The Moscow-born Sater was the managing director of the Bayrock Group, a real estate conglomerate, while the Trump SoHo building in Manhattan was being built. Bayrock was involved with the construction of the building. Sater also has a more colorful past. He was also an FBI informant in the late 1990s after pleading guilty to a $40 million stock fraud scheme put together by the Russian mafia. That was a few years after Sater got into a bar fight and stabbed a man in the face with a broken margarita glass. He went to prison for a year.
It was Sater who suggested to Cohen he should contact Russian officials about developing a building in Russia. At, Sater told Cohen, "Our boy (Mr. Trump) can become president of the USA and we can engineer it." He boasted, "I will get all of Putins team to buy in on this, I will manage this process" and said, "I will get Putin on this program and we will get Donald elected."
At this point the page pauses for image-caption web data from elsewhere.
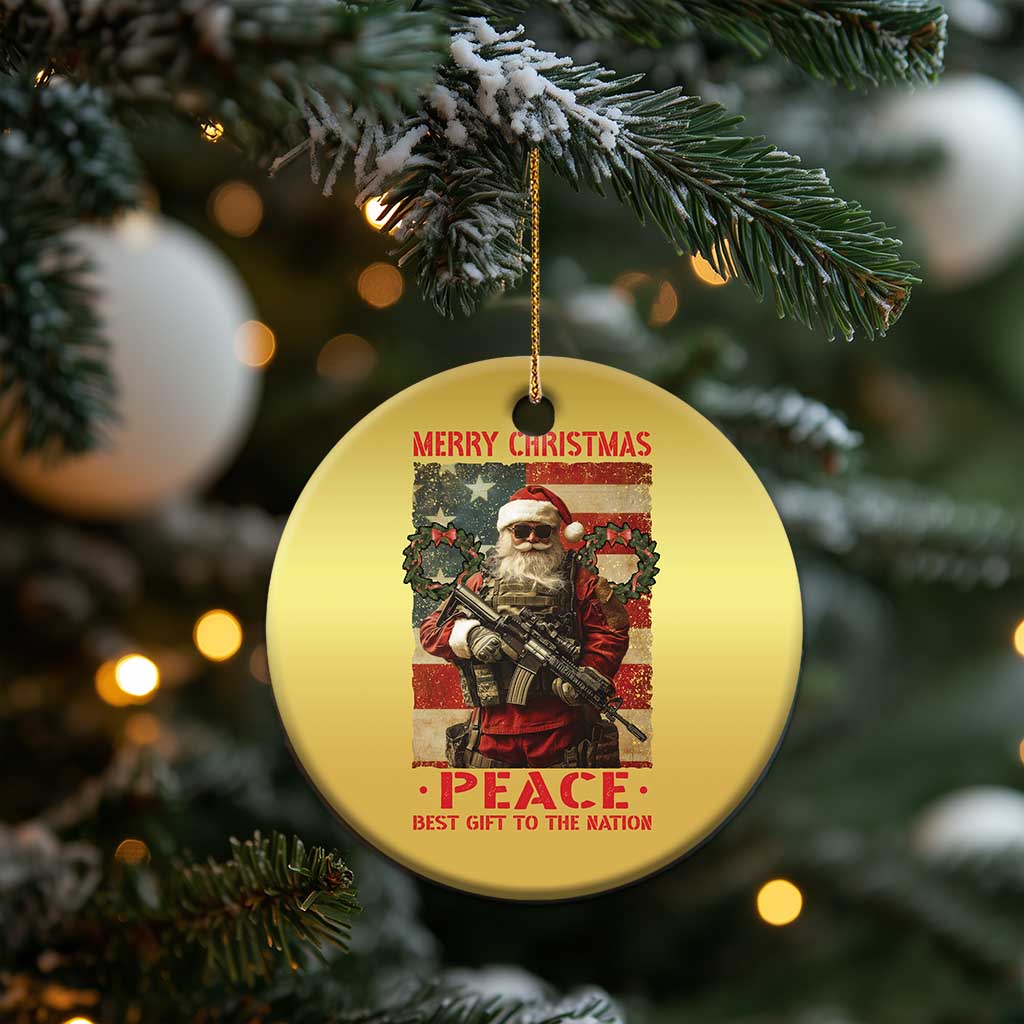 Christmas Veteran Christmas Ornament Peace Best Gift To The Nation Santa Army TS09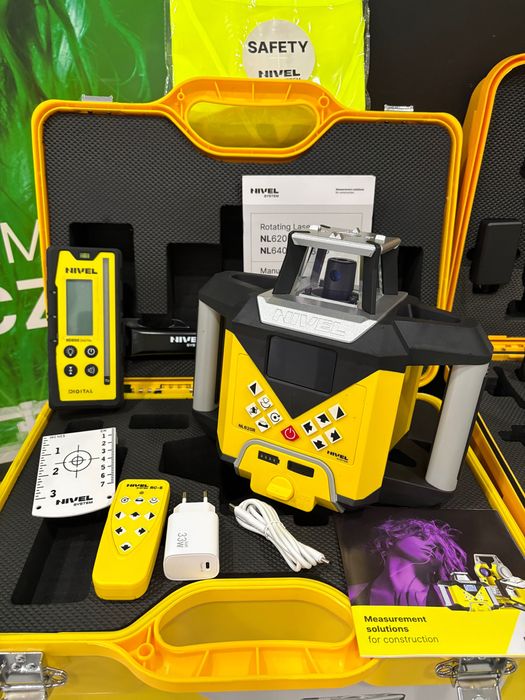 Nivel System Niwelator laserowy NL 620 R lata statyw RD 600 Nowy fv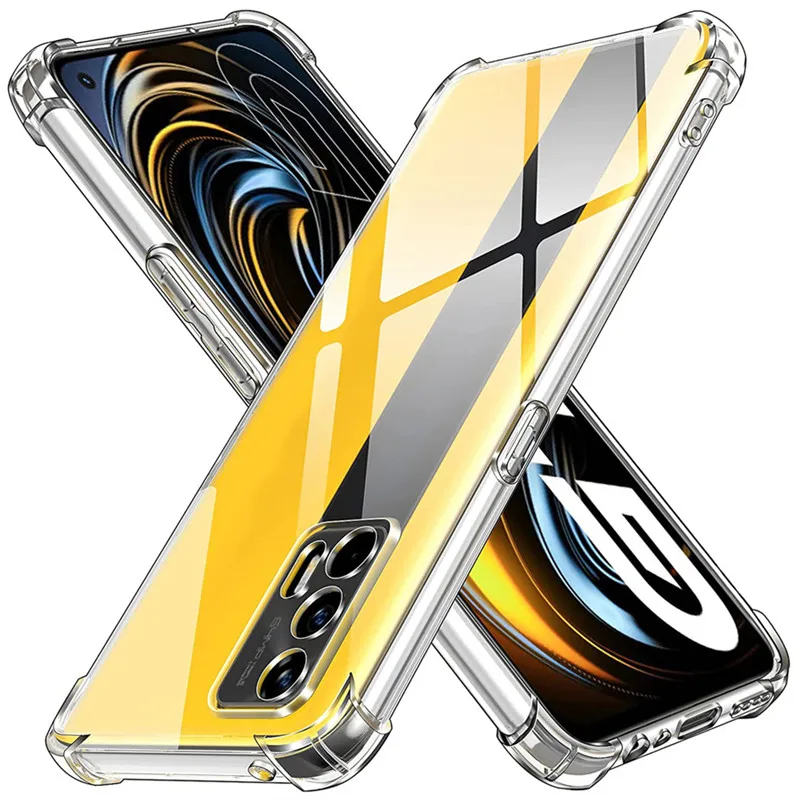 TPU Soft Silicon Case for Realme P3 Pro 5G C65 4G C63 C53 C30 C21 9 GT Transparent Clear Mobile Phone Cover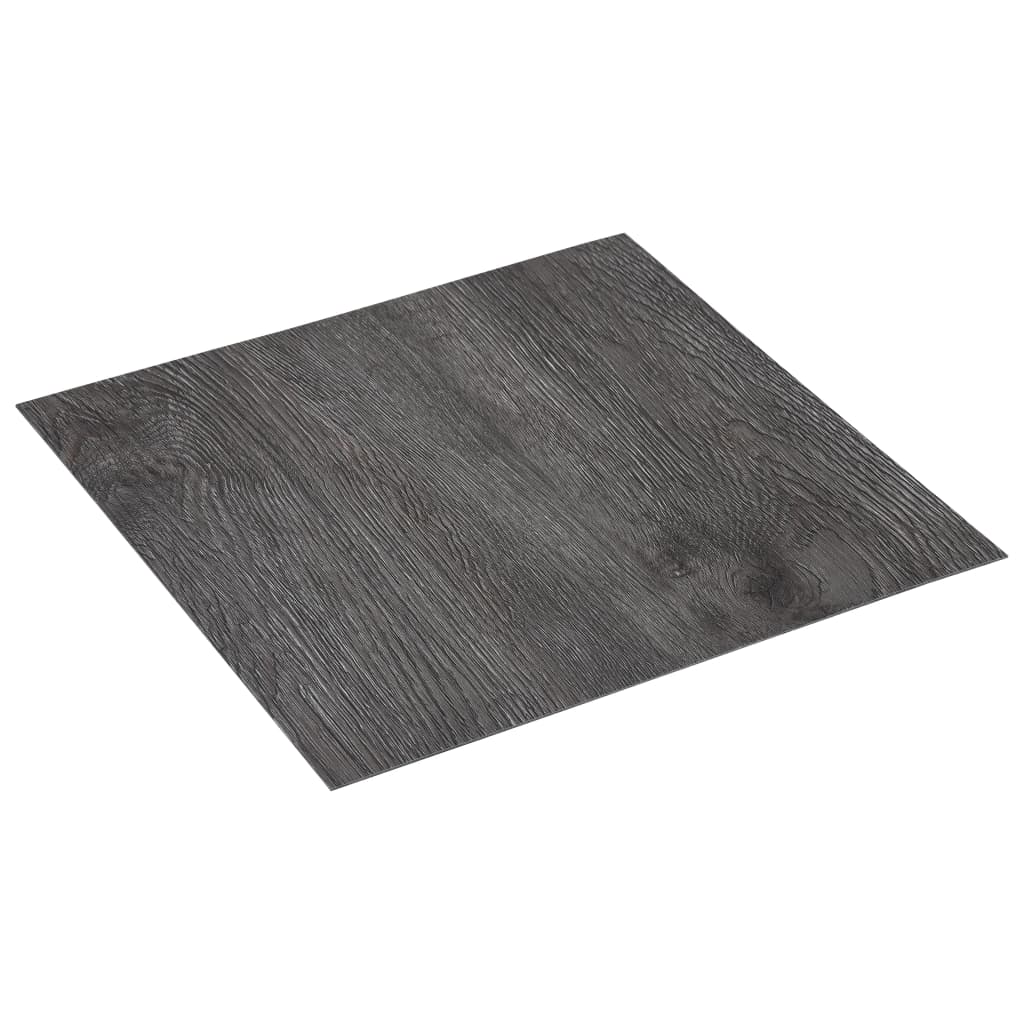 selvklæbende gulvbrædder 5,11 m² PVC brun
Cohen said in his letter he worked on the project "within my capacity as Executive Vice President and Special Counsel to the Trump Organization," and he wrote, "Mr. Sater constantly asked me to travel to Moscow as part of his efforts to push forward the discussion of the proposal."
"Despite overtures by Mr. Sater, I never considered asking Mr. Trump to travel to Russia in connection with this proposal. I told Mr. Sater that Mr. Trump would not travel to Russia unless there was a definitive agreement in place," Cohen wrote.
For his part, the president has repeatedly claimed he has little memory of Sater.
Although Cohen initially told Congress he had stopped working on development of the project in January 2016, he and Sater were communicating about the deal until June 2016, after Mr. Trump became the presumptive Republican nominee for president. Cohen and Sater had also discussed traveling to Russia multiple times, according to the plea deal.
Cohen agreed to attend a meeting coordinated by Sater with an unnamed Russian official in June 2016, which would potentially involve meeting the Russian prime minister or president. However, "on or about June 14, 2016, Cohen met Individual 2 in the lobby of the Company's headquarters to inform Individual 2 he would not be traveling at that time."